Oil prices fell on Wednesday as investors focused on key budget talks in the United States, the world's biggest consumer of energy, and reacted to news of an unexpected drop in US crude inventories.
New York's main contract, West Texas Intermediate (WTI) for delivery in January, slid $1.10 to $86.08 a barrel.
Brent North Sea crude for January shed $1.07 to $108.80 a barrel in late London deals.
"Following the agreement to provide further financial assistance to Greece, market players are clearly turning their attention to the next pressing problem, namely the budget dispute in the US," said Commerzbank oil analyst Carsten Fritsch.

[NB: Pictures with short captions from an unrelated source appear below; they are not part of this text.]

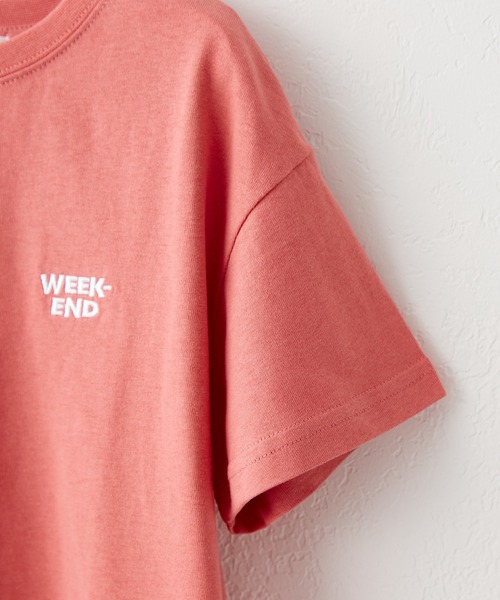 CIAOPANIC TYPY（チャオパニックティピー）の「▽【KIDS】OSOROフェードカラーロゴ刺繍TEE（Tシャツ/カットソー・キッズ・ホワイト/チャコールグレー/パープル/サックスブルー/ピンク/イエロー・SMALL/MEDIUM/LARGE/X-LARGE/XX-LARGE）」の22枚目の写真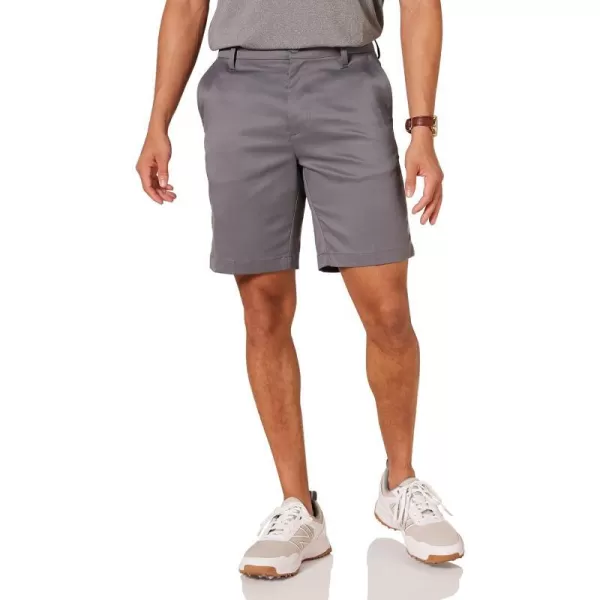 Amazon Essentials Mens SlimFit Stretch Golf ShortRecycled Polyester Blend Grey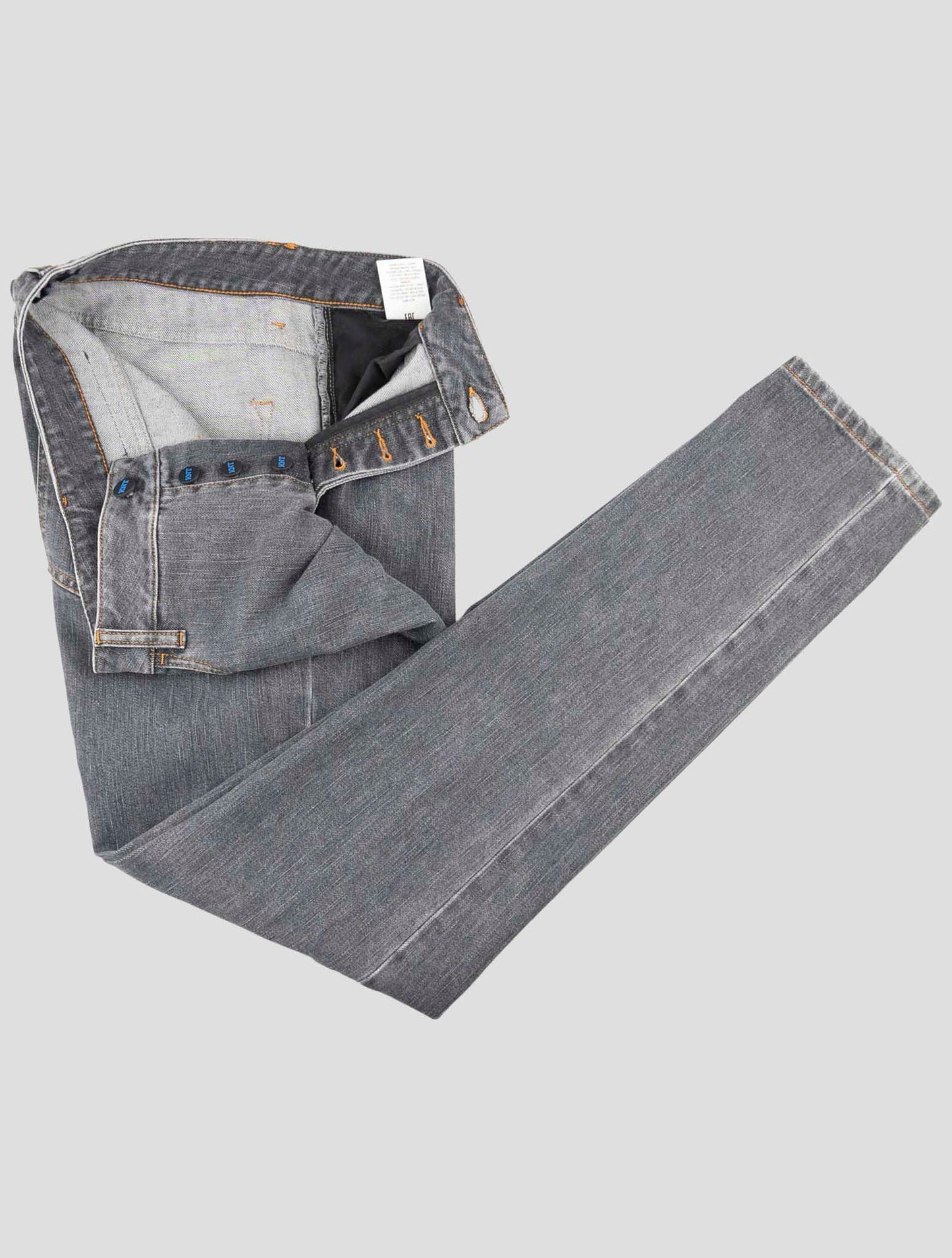 Kiton Knt Dark Gray Cotton Pe Jeans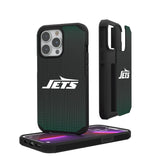 New York Jets Linen Rugged Phone Case for Apple iPhone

US lawmakers are working to hammer out an agreement on the budget for next year that requires painful compromises from both Republicans and Democrats, but negotiations have been marked by bitter political bickering.
If no deal is reached before the end of the year, a "fiscal cliff" of tax rises and massive spending cuts, including slashes to the military, comes into effect and would likely send the world's biggest economy back into recession.

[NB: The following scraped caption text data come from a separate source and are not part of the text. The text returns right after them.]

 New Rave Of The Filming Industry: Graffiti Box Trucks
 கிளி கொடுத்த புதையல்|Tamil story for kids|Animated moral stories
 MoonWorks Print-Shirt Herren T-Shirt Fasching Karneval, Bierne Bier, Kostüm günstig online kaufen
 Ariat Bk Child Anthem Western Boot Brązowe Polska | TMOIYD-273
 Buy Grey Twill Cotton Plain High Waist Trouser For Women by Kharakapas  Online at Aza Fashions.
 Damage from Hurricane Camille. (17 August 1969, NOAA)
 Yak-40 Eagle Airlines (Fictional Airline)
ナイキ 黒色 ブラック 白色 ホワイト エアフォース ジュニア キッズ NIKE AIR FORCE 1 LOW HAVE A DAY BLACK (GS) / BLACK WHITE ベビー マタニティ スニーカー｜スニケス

Ahead of any deal, the US Department of Energy on Wednesday announced that the country's crude stockpiles dropped by 300,000 barrels last week, confounding analyst expectations for a rise.
Initial euphoria over the debt deal reached between Greece and its creditors has meanwhile died down as both sides move to implement its terms.
Lingering concerns over the eurozone debt crisis cut short a rally by the euro, which briefly got a boost from the Greek debt deal announced on Tuesday.
A weaker euro makes dollar-priced oil more expensive, denting demand.
"As markets cautiously greeted news of a deal to release emergency aid to debt-laden Greece, oil traders eyed the looming US 'fiscal cliff' as the latest sign struggling fuel demand could face further headwinds," Phillip Futures said in a market commentary.